You will now find new trajectories 0_trajout.xtc, 1_trajout.xtc, 2_trajout.xtc, and 3_trajout.xtc. These files can be in turn analyzed with plumed driver. Try to recompute collective variables on the trajectories obtained in Exercise 1: Running multi-replica simulations and with those obtained in Exercise 3: What if a variable is missing?.

trieste-5-demux-good.png
Time series of phi obtained from the demuxed trajectories from exercise 2
trieste-5-demux-bad.png
Time series of phi obtained from the demuxed trajectories from exercise 3

As you can see, the trajectories from Exercise 1: Running multi-replica simulations show a number of transitions. On the other hand, the trajectories from Exercise 3: What if a variable is missing? are stuck.

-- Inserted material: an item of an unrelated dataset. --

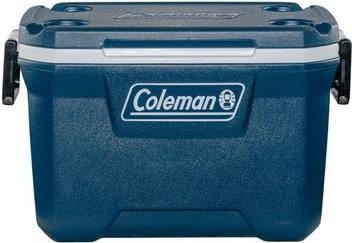 Coleman Nevera Xtreme 52QT (2000037212)
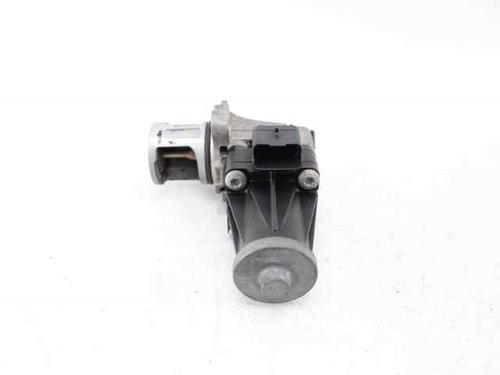Egr VOLVO C30 (533) D2 | BP37651194M69 - Image 4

As a general rule, notice that there is no way to estimate correctly the relative population of two metastable states if there is not a continuous "demuxed" trajectory joining them, possibly exhibiting multiple transitions.

Conclusions

In summary, in this tutorial you should have learned how to use PLUMED to:

  • Run multi replica simulations.
  • Analyze them using WHAM.

Notice that the setup used is similar to the ones typically used in bias exchange simulations but can be easily adapted to any case where multiple replicas should be combined that feel different bias potentials. Moreover, the problematic example discussed shows that one should be careful and check if real transitions are observed during a replica exchange simulation.